What's your Occupation?

Project 2 all started with an action of my choosing. I first was supine. Arms and legs outstretched toward the ceiling.  With a simple side roll I was able to find my feet and was then able to move easily into a standing position. A very common movement. Laying to standing. The challenge of the first stage of this project was to synthesize the various movements into a singular form or spatial volume that depicted the volume my body occupied during the different stages of this action.

Drawings of the fragmented body.
I struggled with this concept initially because one of the goals was to not simply show three human forms mashed together, but rather the volume created and occupied by the movements. What's more, I had to first draw the form that I  intended to construct. I hit my first major hurdle when I found I did not photograph enough information to draw a plan view of the movements. As a result, I thought it would be easier to deconstruct the body and make an attempt to render the volumes in parts. Big mistake. Instead I should have taken what I already had and moved into sketch models of what I was envisioning. And THEN go back to the drawing, and so forth. The first models I constructed were of a diaphanous aluminum mesh material. Very easy to manipulate, but any material is useless  without a refined plan. Of which I did not have.  My first iterations were fragments of the movement: torso, and left and right legs. The result in my opinion was a horrifyingly terrible rendition of what the assignment required. 

Center: Torso movement, Left: right leg, Right: left leg

After discussing and critiquing my process, I was able to identify the several missteps I had taken along the way. So  in my next iteration I first began with the model and moved to drawing as required.  In addition to beginning with the sketch models, I also found that a simple superimposition of the photographs provided some much needed information as well. And although the final model was not to depict the human form that did not necessarily mean that I could not start with the human form and work toward my abstract, volumetric goal. This direction yielded a much more satisfying result. I was able to move from three individual figures to a singular volume that fairly accurately described the volume occupied by the movements.
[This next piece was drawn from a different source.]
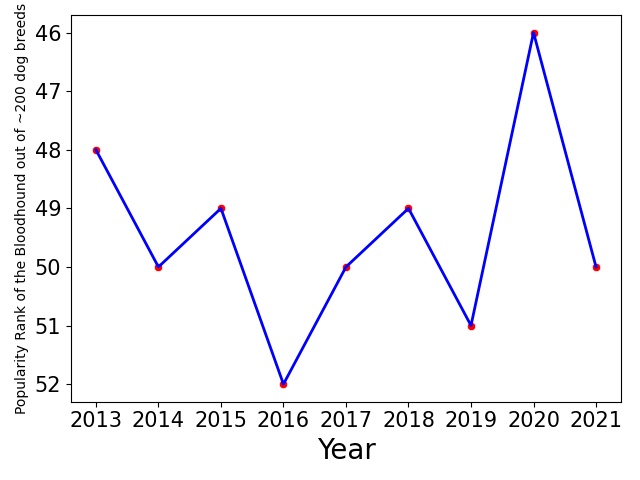 Popularity of Bloodhound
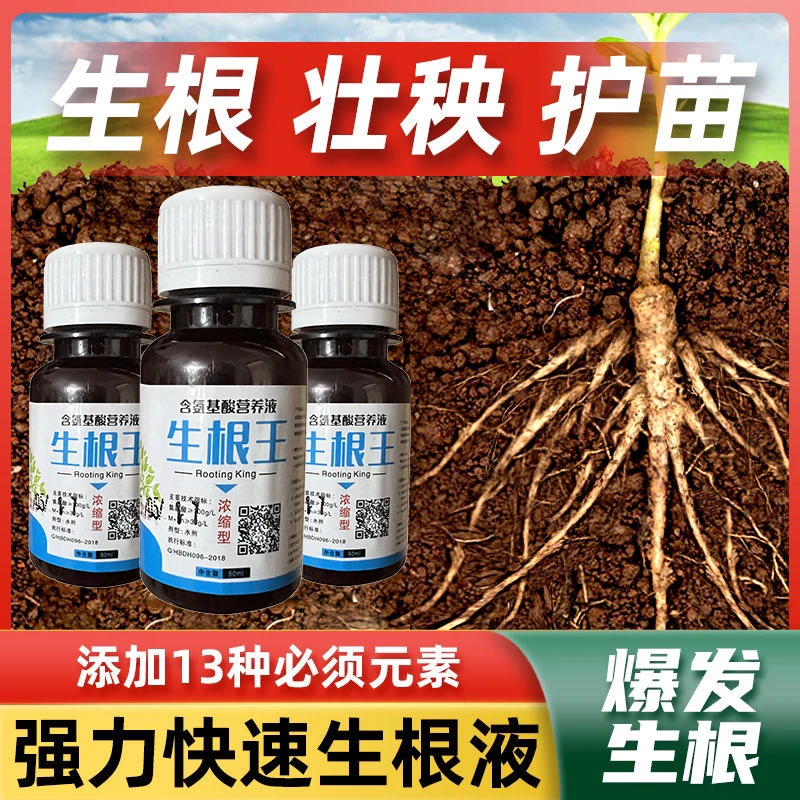 浓缩型强力生根剂植物快速生根液植物营养液家庭园艺水培扦插适用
The second stage of Project 2 required an extrusion of the discovered volume. I now had to insert the volume into a 10" x 10" x 5", cube. Because I was working with a volume that created multi-directional facets in the occupied space, I needed to develop a method to transfer the form effectively. I devised a framework that I then used to methodically and incrementally translate the sections of the form onto a series of templates that could then be used to create the extruded volume in the cube.

Mistakes are paramount to the design process.  They help us learn new and sometimes more effective approaches to solving a given design problem.  While it was not my intention at the beginning of this project to undergo an action that could serve as an interesting metaphor for the design process that was to follow; I found it interesting that it coincided with the saying: "We fall down so that we can learn how to get back up."